Though I roll my eyes when anyone uses the term “creative disruption,” I think that the disruption happening in our classrooms right now gives us a chance to improve our teaching, tailoring it to success within an environment expanded, whether we like it or not, into the digital.  Our classrooms are no longer cut off from the world when we close the doors but are in constant interaction, digitally, with the outside. How we react to this will determine our future successes as teachers and will even determine what future classrooms look like.

Young people texting on smartphones using thumbs

Tomwsulcer [CC0], from Wikimedia Commons

Last semester, I asked my  ENG 1101 students to help me establish groundrules for smartphone use.  We had a number of interesting conversations concluding with a writing assignment on the ethics of smartphone use in the classroom. The students all recognized that smartphone use was having an uneven, to say the least, impact on their education–but they didn’t have any real suggestions about how either they or their teachers could channel it into a positive direction and away from distraction.

This semester, I decided to ask students to keep their smartphones off their desks during class.

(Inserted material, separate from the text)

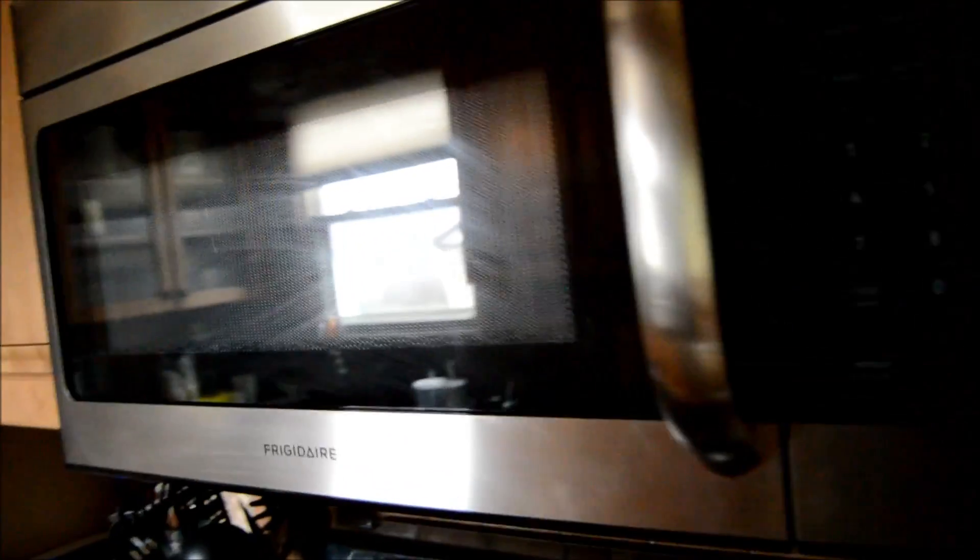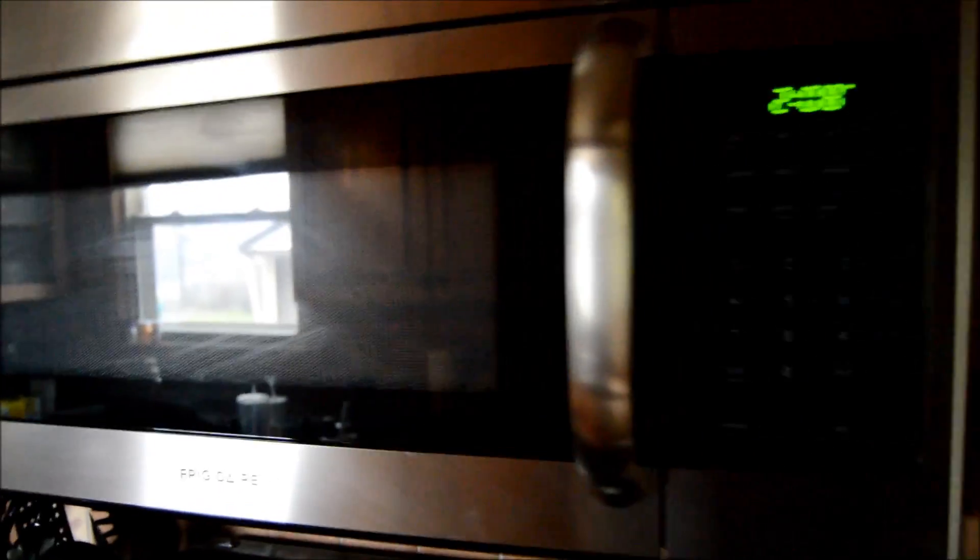You can see the grid in the front there. That actually prevents microwave radiation from escaping the microwave and causing radiation problems.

If they need to respond to something, I told them, step out of the classroom–briefly. The second part of this seems to be working; the first is making me into a police officer, something I don’t care to be. I think I may have to re-use the “ethics” assignment to emphasize that this is something the students need to be taking charge of for themselves.We’ll see.

Problem is, smartphone use has become its own type of addiction. Knowing you shouldn’t and not doing become split from any sort of causal relationship. The itch to “just check, just quickly” becomes too strong to resist. We all do it. Lord knows, I do. So I can’t come down too hard on my students. This is a problem we need to face as a culture, not just in the classroom.

The other side of this, for teachers of composition, is that there are ways we can turn smartphone use (texting, in particular) to our advantage. One of our tasks is to raise student awareness of audience as they write. Texting has already aided us in this, for students have learned that the exact same words in a text can affect different people in different  ways. One may recognize a joke, another seeing it as an insult. Any texter has to stop and think: How will my reader take this? Do I need to add something (an emoji, perhaps) to make sure the meaning received is the meaning sent? In this, and in a number of other areas, we can use student experience with texting to our advantage.

I have been moving my classroom “talk and write” exercises to a model that can slip into a texting mode, doing this deliberately so that discussions begun in class can continue afterward in much the fashion that students in residential colleges take from class to dormitory, something our City Tech students cannot do. I also suggest to them that they discuss their papers through texting, trying things out and then copying them into Word for inclusion in papers. We talk, too, about the dangers of this and move into concerns about academic integrity.

Last week, I asked my students in each class how many texts they sent each day (as I recounted  in my last post) in order to get them to start to consider that writing itself isn’t the task they imagine. They discussed the different contexts of sitting down to a blank screen for an assignment and picking up a conversation with a friend. This, I hope, will make it easier a little  down the road in the course when we start talking about different demands from different types of writing tasks.

While I haven’t yet reached any sort of clarity on how best to approach either the bad or the good of smartphones, I am trying. We all should be. And we should be beginning to pool what we are learning. Eventually, effective approaches will make themselves clear.